I noted with interest Vice Chancellor Glasscock’s opinion in Weinberg v. Waystar, Inc., decided today (PDF here). Here’s the language at issue:
The Converted Units shall be subject to the right of repurchase (the “Call Right”) exercisable by Parent, a member of the Sponsor Group, or one of their respective Affiliates, as determined by Parent in its sole discretion, during the six (6) month period following (x) the (i) the Termination of such Participant’s employment with the Service Recipient for any reason … , and (y) a Restrictive Covenant Breach.
Does it mean that the call right may be exercised during the six months after termination of Weinberg’s employment or during the six months after a Restrictive Covenant Breach by Weinberg? (This was Waystar’s position.) Or may it be exercised only during the six months after occurrence of both (1) termination of the participant’s employment and (2) a Restrictive Covenant Breach by Weinberg? (This was Weinberg’s position.) The court sided with Waystar.
Citing a 1960 article by F. Reed Dickerson and Garner’s Dictionary of Legal Usage, Glasscock concludes that the language at issue presents the possibility of ambiguity. I agree—it is ambiguous, when considered in isolation. Here’s a roughly analogous example from MSCD, with the ambiguous sentence followed by the alternative possible meanings.
Besides that, three things come to mind.
First, unliked Dickerson and Garner, I’m not a fan of applying the labels “joint” and “several” to the ambiguity associated with and. For one thing, the conventional wisdom regarding implications of the phrase joint and several is misguided, so I find unnevering the idea of applying joint and several to other contexts by analogy. (Go here for my initial take on joint and several, in a 2012 blog post.) In the six pages I devote to and in MSCD chapter 11, I don’t use neat labels for the alternative possible meanings. Perhaps I could have, but I’ve been more focused on exploring the different ways this ambiguity manifests itself. The Cambridge Grammar of the English Language doesn’t use labels in its discussion of the subject, and CGEL co-author Rodney Huddleston didn’t recommend that I use labels (see this post about how Rodney helped me with ambiguity), so I’ve been OK doing without labels.

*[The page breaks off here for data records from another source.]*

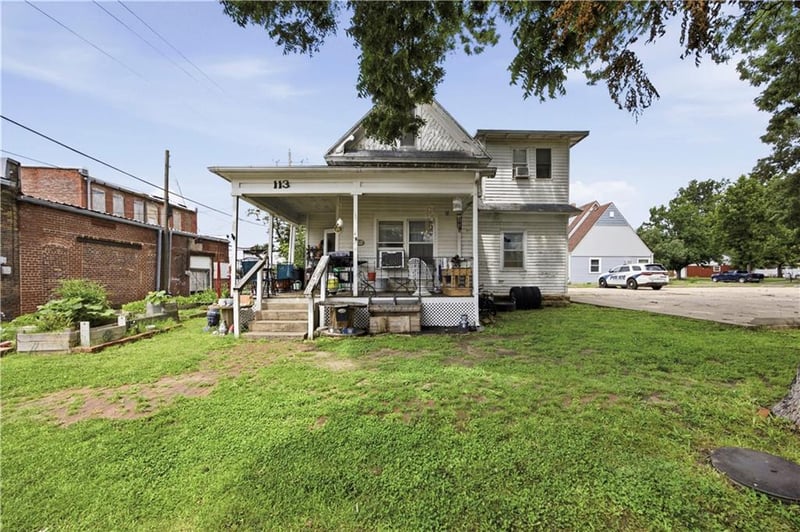 113 7th St, Neodesha, KS 66757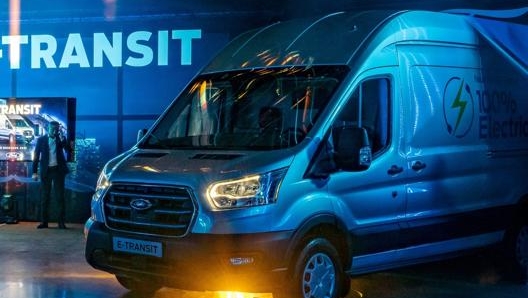 Il momento dell’unveiling ufficiale per il Ford E-Transit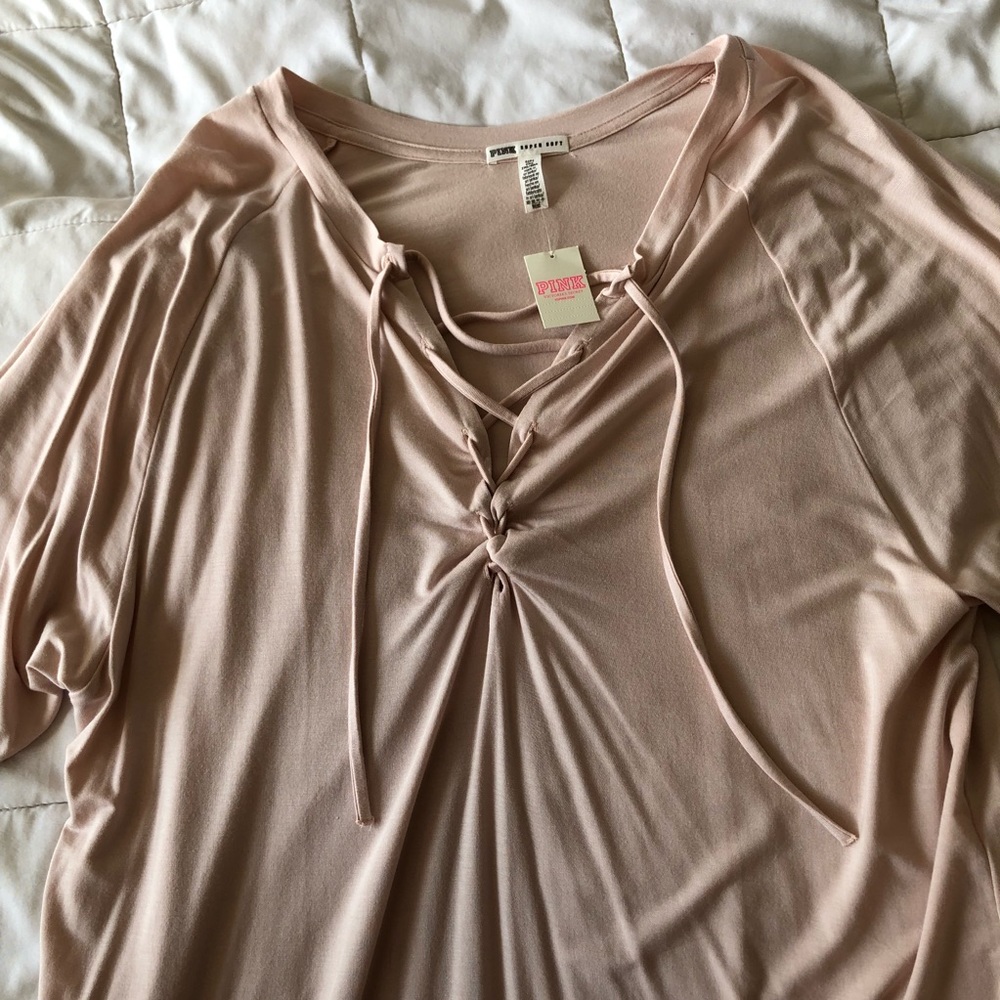 HP!🎉 NWOT 3/4 Sleeve Lace Up Tee - Picture 2 of 6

Second, this portion of the opinion caught my eye (footnotes omitted):
Professor Dickerson is not the only scholar to assert that the “several” meaning of “and” is commonplace. Indeed, Professor Bryan A. Garner agreed in his Dictionary of Legal Usage that “[t]he meaning of and is usually several.” Moreover, at least one court has agreed that “[w]hen the word ‘and’ is used in a permissive sentence, it is likely to be used in its several sense.”
For purposes of understanding structural ambiguity of this sort, I’m leery of broad generalizations regarding the likelihood of a given possible meaning. The whole point of ambiguity is that you can’t tell, in isolation, which meaning is the “right” meaning. It’s only when you deal with individual examples and can take context into account that you have a chance of determining which reading make more sense. Talk of likelihood smacks of “canons of construction,” which are arbitrary rules courts make up to help them deal expeditiously with disputes over ambiguity. There might be a place for some canons of construction, but if you confuse them with understanding the natural meaning of prose, you’re screwed. That’s something courts have a hard time understandings; see this January 2022 post.
And third, this paragraph of the opinion (footnotes omitted) follows right after the extract quoted above:
Applying these principles to the Call Right provision supports Waystar’s interpretation. The Call Right provision is permissive: Waystar may exercise it “in its sole discretion.” It is thus natural to read the word “and” in its “several” sense, to mean that Waystar can exercise the Call Right during “the six (6) month period” following Weinberg’s “Termination . . . for any reason,” during “the six (6) month period” following “a Restrictive Covenant Breach,” or both. This comports not only with the sources referred to above; more importantly, it complies with a colloquial understanding of English as commonly used. “You can take a doughnut, a danish, and a bagel” invites, but does not mandate, gluttony.
I suggest that doesn’t make sense. Sure, Waystar gets to decide whether it wants to exercise the call right, but that’s unrelated to interpreting restrictions on when it could be exercised. And the pastry analogy is irrelevant. What matters most in making sense of ambiguity is what context can tell us. That’s what the court gets to next.
The awkward reality is that judges are dilettantes when it come to this kind of ambiguity. That’s because it’s gruesomely subtle, the stuff of linguistics. It’s only thanks to Rodney Huddleston’s help that I avoided making a fool of myself. Someday I’d like to offer training to court personnel. That’s something I discuss in this August 2020 blog post, entitled, cheerily, Many Judges Are Bad at Textual Interpretation. What Do We Do About It?